Working in corporate IT myself I could only agree. In theory that is, because a couple of days before I had purposely pushed out a major Autoptimize release in the last week of December, on a Saturday. Why? While inching closer to Autoptimize 2.0’s release, I was becoming worried of the impact some of the bigger changes could have. Impact as in “what if this breaks half of the sites AO is installed on“. One way to limit such impact, I thought, is by releasing on a moment people are bound to be less busy with their websites.

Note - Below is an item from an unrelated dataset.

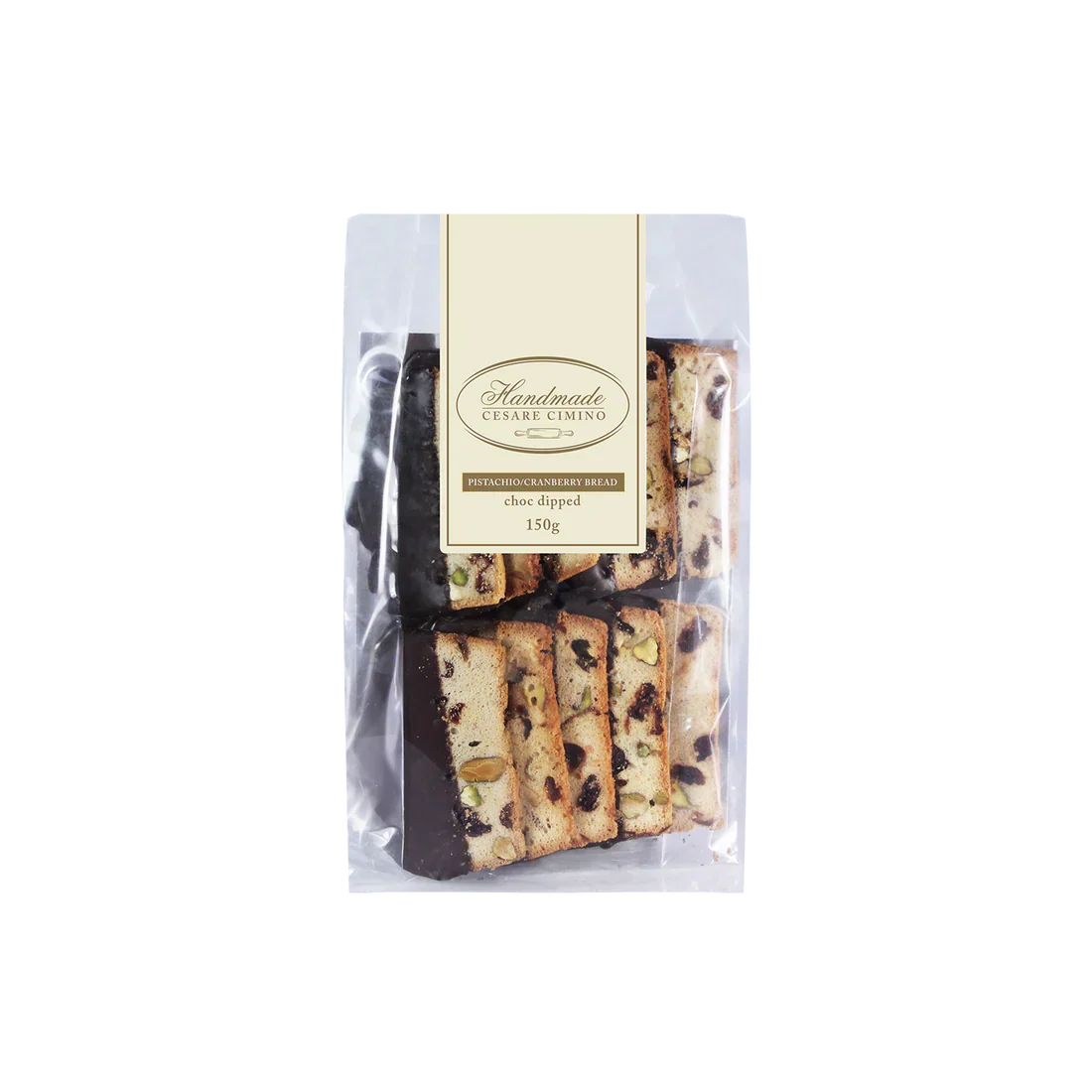 Choc Dipped Pistachio & Cranberry Bread 150g Cimino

So by releasing on Boxing Day, I assumed less people were bound to see & install the update on day 0, limiting the damage a major bug could do.
Now I do agree this approach is very clumsy, but being able to limit the amount of people seeing/ installing a plugin (or theme) update on day 0 could help prevent disasters such as the ones that plagued for example Yoast SEO. The idea of “throttled releases” is not new, it already exists for Android apps, with Google allowing developers to flag an update for a “staged rollout:

You can release an app update to production using a staged roll-out, where you release an app update to a percentage of your users and increase the percentage over time. New and existing users are eligible to receive updates from staged roll-outs. […] During a staged roll-out, it’s a good idea to closely monitor crash reports and user feedback.

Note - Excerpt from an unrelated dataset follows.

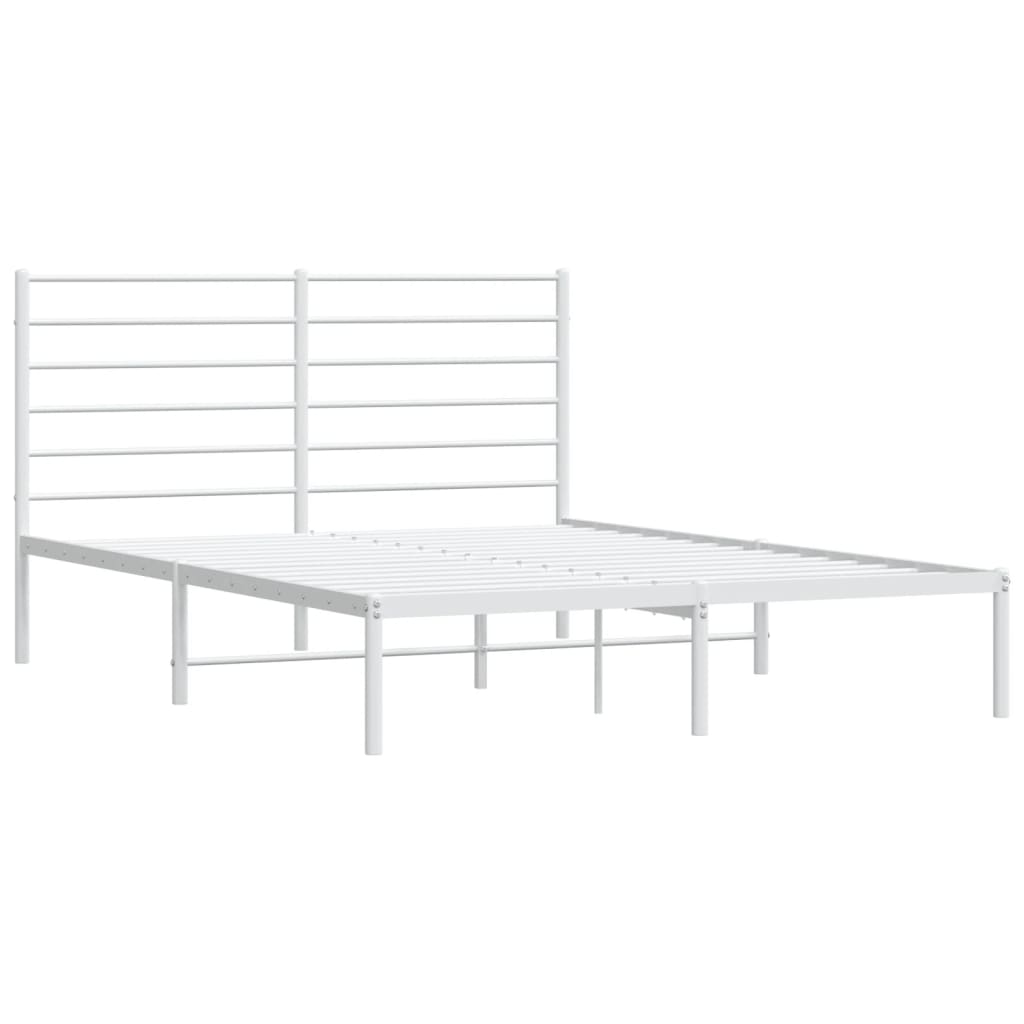 vidaXL Estructura cama sin colchón con cabecero metal blanco 140x190cm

Pushing an update to a percentage of users and monitoring feedback, allowing you to catch problems without the risk of impacting your entire install base? I want that for my WordPress plugins! So how could we get that to work?
What if an extra header were included in readme.txt, e.g. an optional “throttled release” flag. With that flag set, the percentage of people seeing the update in their wp-admin screens would be low on day one and increasing every day, for example;

Day after release% of people seeing release in dashboard
day 05%
day 110%
day 220%
day 340%
day 480%
day 5100%

This could be accomplished by having https://api.wordpress.org/plugins/update-check/ (against which WordPress installs check for updates) “lie” about updates being available if the “throttled release”-flag is set by e.g. simply introducing randomness in plugins/update-check/;

$showupdate = false;
$randomness = mt_rand(1,40);
if ( ($throttledrelease === true) && ($datenow === $pluginreleasedate) && ($randomness < 2) ) {
    $showupdate = true;
    }

(The “magic” in above code is in the random value between 1 and 40 which has a 1 in 40 (or 2.5%) chance of being smaller than 2 (i.e. 1), so in 2.5% of requests $showupdate would be true. This translates to 5% of requesting WordPress instances per day, as there are checks for updates every 12h, so 2 per day. Obviously on $pluginreleasedate+1d the condition would change, with the random value having to be smaller than 3 (so being either 1 or 2, i.e. approx. 5% of cases X2 =10%), on +2d smaller than 5 (1, 2, 3 or 4 = 10% X 2 = 20%) and so on. This randomness-based approach allows for plugins/update-check not having to keep tabs of how many people saw/ did not see the update at a given date.)
This obviously is just a simplistic idea that does not take into account any of the smart stuff undoubtedly going on in plugins/update-check/ (such as caching, most likely), but I’m pretty sure the wordpress.org-people who are responsible for that code could implement something along these lines. And I do think this would very much be worth the trouble, as It would allow Yoast & other major plugins developers to release without the fear of breaking hundreds-of-thousands WordPress sites within a couple of hours. And I would not have to release on Boxing Day, leaving me and the users of my plugins the time to digest that Christmas-dinner peacefully. What’s not to like?
Blogpost updated (code example + explanation) on 13/01/2016 to reflect the fact that a WordPress instance checks for updates every 12 hours, which impacts the randomness.